Spouses are entitled to work in the U.S. The spouse of a qualified E nonimmigrant can apply for work authorization upon entering the U.S. by filing an I-765 Application for Employment Authorization with the appropriate USCIS Regional Service Center.
Children are not entitled to work; however, they are permitted at attend school without changing status.
If the applicant is outside the U.S., the application is made directly with the U.S. Consulate. Most consulates use Form DS-156 visa application and Form DS-156E supplemental form. All supporting evidence and fees are submitted to the consular officer. Be sure to check the U.S. Consulate’s for their specific procedures regarding visa applications and interviews. They will also list the visa application fees and current forms to submit.
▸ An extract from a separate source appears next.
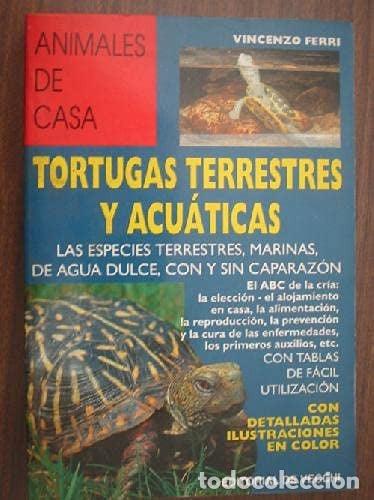 Libros: Tortugas Terrestres y Acuaticas - Vincenzo Ferri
If the applicant is in the U.S. and is applying for a change or extension of status, the application is made by filing Form I-129 along with the E Classification Supplement with the appropriate USCIS Regional Service Center. All supporting evidence and fees are submitted should be submitted with the Form I-129. Once the petition is approved, the USCIS will send a notice of approval with a detachable I-94 Arrival/Departure Record. A new visa may be required if the beneficiary subsequently leaves the U.S. and wishes to re-enter.
Entry into the U.S.
Applicants should be aware that a visa does not guarantee entry into the United States. The U.S. Customs and Border Protection (CBP) has authority to deny admission at the port of entry to any applicant who is inadmissible under INA, even if the applicant has a visa. Also, the CBP, not the consular officer, determines the period for which the bearer of a temporary work visa is authorized to remain in the United States. At the port of entry, CBP officials issue Form I-94, Record of Arrival-Departure, which notes the length of stay permitted. The decision to grant or deny a request for extension of stay, however, is made solely by the USCIS.
List of treaty countries
In order to obtain an E-1 or E-2 visa, you must be a national of one of the following treaty countries (E-1 and E-2 available, unless otherwise indicated by * or **):
|Albania||Congo (Brazaville) **||Honduras||Mexico||Spain|
|Armenia||Congo (Kinshasa)**||Iran||Moldova**||Sri Lanka**|
* indicates country is eligible only for E-1 visa.
** indicates country is eligible only for E-2 visa.